Mesmo que ainda esteja agarrado a uma versão PS4, o estúdio soube aproveitar aquilo que a PS5 tem de melhor. Os carregamentos são muito rápidos, os cenários são massivos e detalhados, repletos de cor, partículas e iluminação. As texturas das roupas e dos cenários dão vontade de tocar. E o jogo apresenta suporte para o modo performance ou visuais, aliás quatro modos, para quem prefere mesmo uma experiência de fluidez a 120 FPS. 

Por outro lado, mantendo a política de inclusão da Sony, Ragnarok oferece mais de 60 opções de acessibilidade, para que ninguém passe ao lado da aventura. A interface foi redesenhada para maior flexibilidade de opções, abrangendo os combates, os sistemas de interação, entre outras que garantem maior imersão a jogadores com limitações físicas. 

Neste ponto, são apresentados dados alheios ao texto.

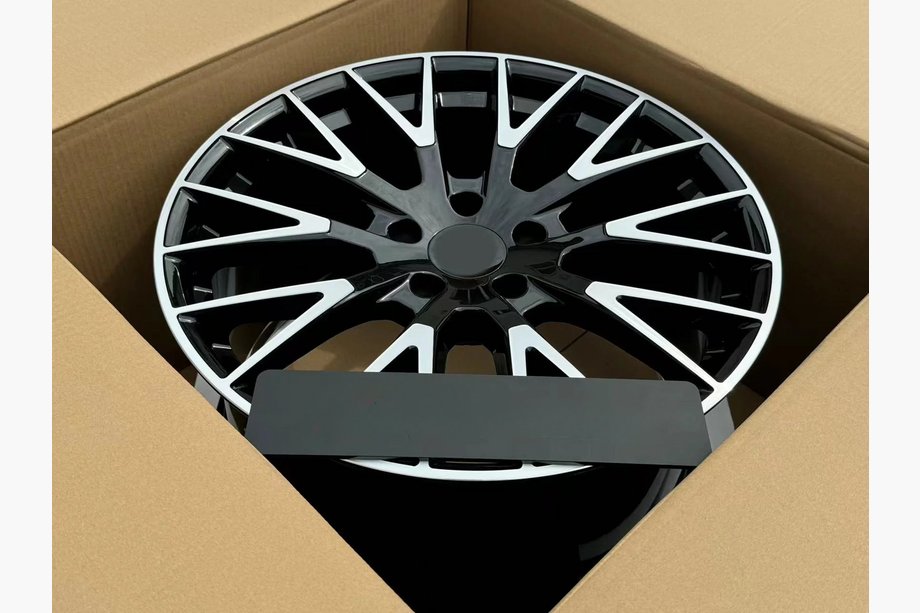Porsche Panamera 2023– Cerchi forgiati OEM R21 V2 (set da 4) Foto 4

Obviamente que o combate continua a ser um dos melhores pontos da aventura. No primeiro jogo, os golpes de Kratos, tanto com o seu machado de arremesso como as suas twin blades, garantiam uma grande quantidade de golpes e combos. Isso e a dinâmica de Atreus que disparava as suas flechas para onde o jogador apontasse. Tudo isso mantém-se, mas com maiores dinâmicas e combinações. As flechas de Atreus têm diferentes tipos de munições que permitem ser utilizados em puzzles, mas também como combinações eficazes nos combates. Não faltam as quick time events, as finalizações brutais de Kratos e tudo aquilo que temos direito na série.

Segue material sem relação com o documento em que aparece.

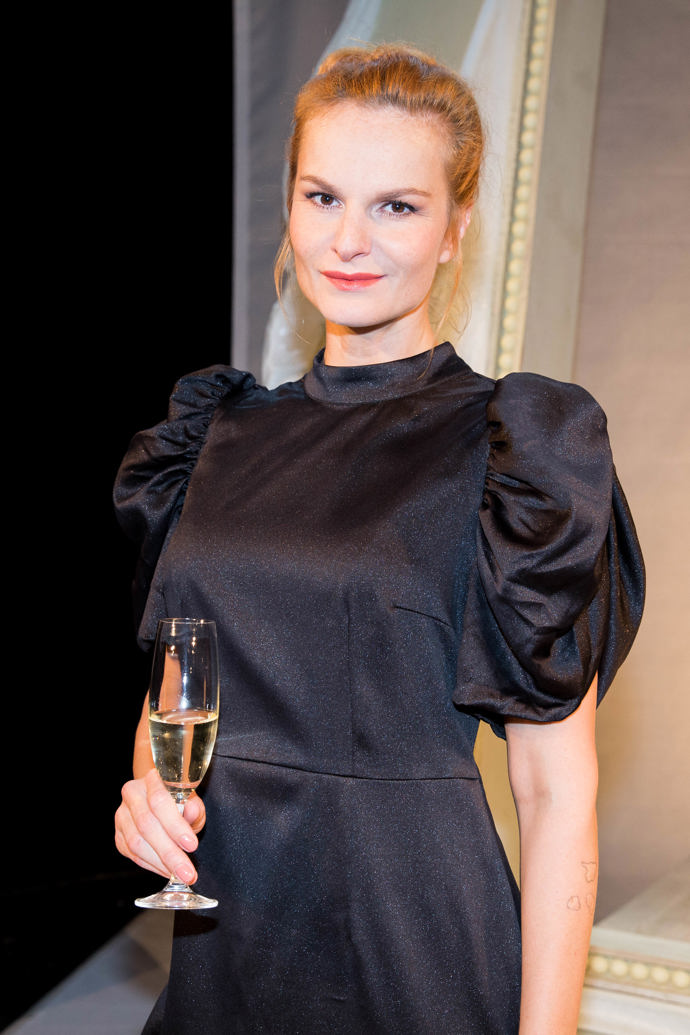 Iva Pazderková s oblibou míchá korektor s make-upem.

O novo jogo aprofunda o sistema de habilidades das personagens e ainda adiciona desafios específicos para cada uma, permitindo desbloquear uma gema para melhorar o seu efeito individual. E no geral, é possível construir diferentes lâminas para o machado e espadas, assim como o escudo e ainda adicionar-lhe componentes e gemas, garantindo que cada jogador opte pela build que mais gosta de jogar. Além disso, certos inimigos são mais vulneráveis a elementos como o fogo, o gelo ou mesmo magia que também podemos desenvolver.  

Muito mais fica para dizer desta aventura, mas deixo esse prazer da descoberta por quem deseja explorar os diferentes biomas dos nove reinos, de Midgard a Jotunheim, entre as tundras da neve às paisagens florestais, destacando-se a flora e fauna de cada local. Para quem jogou o primeiro título de 2018, este é mais que recomendado, sem dúvida.